Chinese Researchers have now developed an exceptionally compressible and stretchable polyelectrolyte which when integrated with carbon nanotube composite paper electrodes results in a supercapacitor. It has the ability to be stretched to nearly 1000% in length and compressed to about 50% of its thickness without reduction in capacity but gaining more capacity. The outcomes of the research have been reported in the journal Angewandte Chemie.
The functions of supercapacitors fall between that of batteries (i.e. normal energy-storing devices) and normal capacitors that discharge and take up electric energy in a rapid way but do not have the ability to store much energy. The potential of the supercapacitors to charge and discharge vast amounts of electric energy in a shorter period of time enables them to be ideally applied as power buffers in wind turbines, for regenerative braking, and increasingly in consumer electronics (e.g. digital cameras and laptop computers). In order to render supercapacitors suitable for next-generation electronic requirements such as paper electronics and wearables, Chunyi Zhi at the City University of Hong Kong and his team are working on the methods for equipping the supercapacitors with mechanical flexibility.
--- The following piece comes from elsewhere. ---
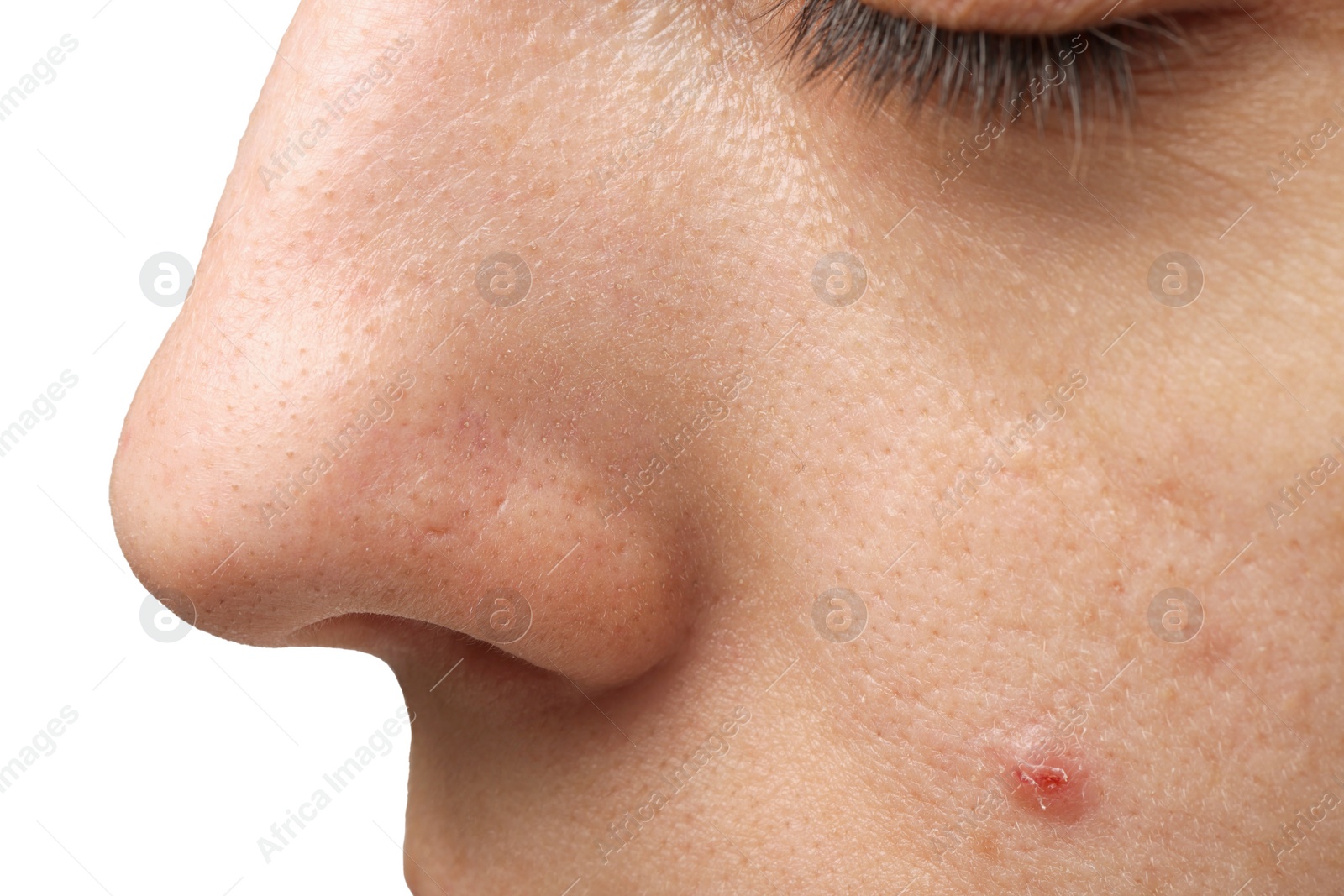 Photo of Young woman with acne problem on white background, closeup view of nose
In order to achieve this, they developed an innovative electrolyte material, namely, a polyelectrolyte with a stretchability of over 10 times its original length and which can be compressed to nearly half its thickness without any drop in full functionality and without cracking, breakage or other damage to the material.
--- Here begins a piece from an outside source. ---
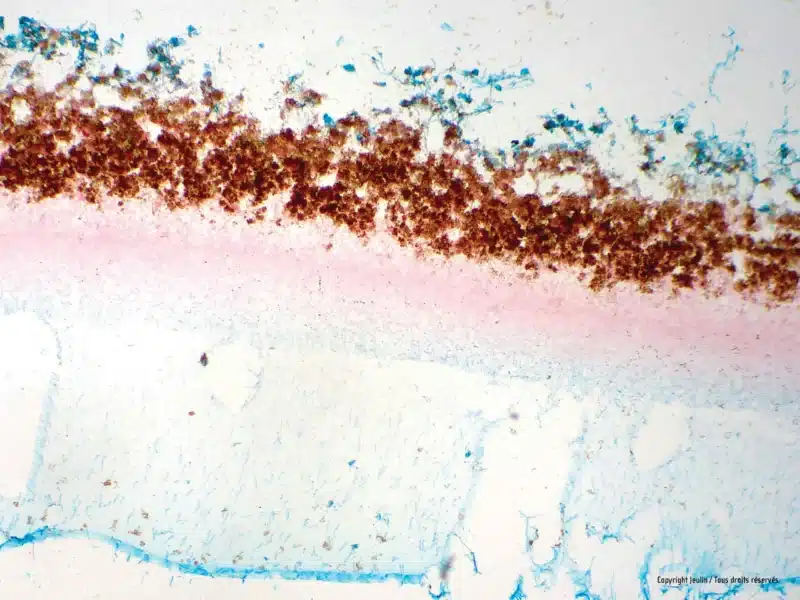 Aspergillace_penicillium_575094_1_11c2 - LabDidakt.dk Mikroskopisk billede af Forberedelsesglas: Penicillium, Con viser tætte brune, tynde rosa og blåfarvede fibrøse områder på hvid baggrund.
Polyvinyl alcohol gel-based electrolytes—which are chiefly used in supercapacitors and are mechanically more flexible—are synthesized by using elastic components such as fibers or rubber. The innovative electrolyte synthesized by Zhi and his team is based on a different concept—it is formed of a polyacrylamide (PAM) hydrogel that is reinforced with vinyl-functionalized silica nanoparticles (VSPNs). The cross-links in the VSPNs make the material highly stretchable. Moreover, the material is highly conductive due to the characteristics of the polyelectrolyte that expands in water and retains and transports ions.
VSNPs cross-linkers serve as stress buffers to dissipate energy and homogenize the PAM network. These synergistic effects are responsible for the intrinsic super-stretchability and compressibility of our supercapacitor.
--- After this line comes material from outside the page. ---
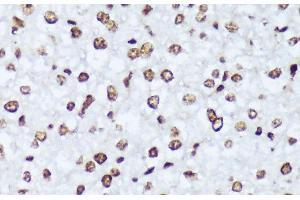 Immunohistochemistry of paraffin-embedded Mouse liver using Phospho-ABL1(Y245) Polyclonal Antibody at dilution of 1:100 (40x lens). (ABL1 antibody  (pTyr245))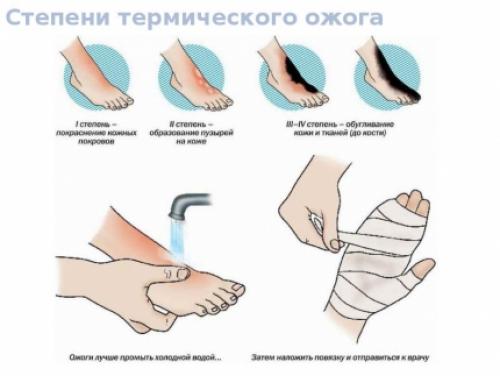 Как оказать помощь при ожоге. Оказание первой помощи при ожогах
Chunyi Zhi, The City University of Hong Kong
The Researchers fabricated a functional supercapacitor using the polyelectrolyte by directly paving two similar carbon nanotube composite paper electrodes on either side of the pre-stretched polyelectrolyte film. During discharge, a wavy, accordion-like structure with astonishing electrochemical properties was synthesized. “The electrochemical performance gets enhanced with the increase of strain,” discovered the Researchers. Furthermore, the strain was immense and the supercapacitor was able to withstand a stretch of nearly 1000% and a compression of nearly 50% with even greater or same potential. Such a high flexibility renders the polyelectrolyte highly enticing for innovative advancements such as wearable electronics.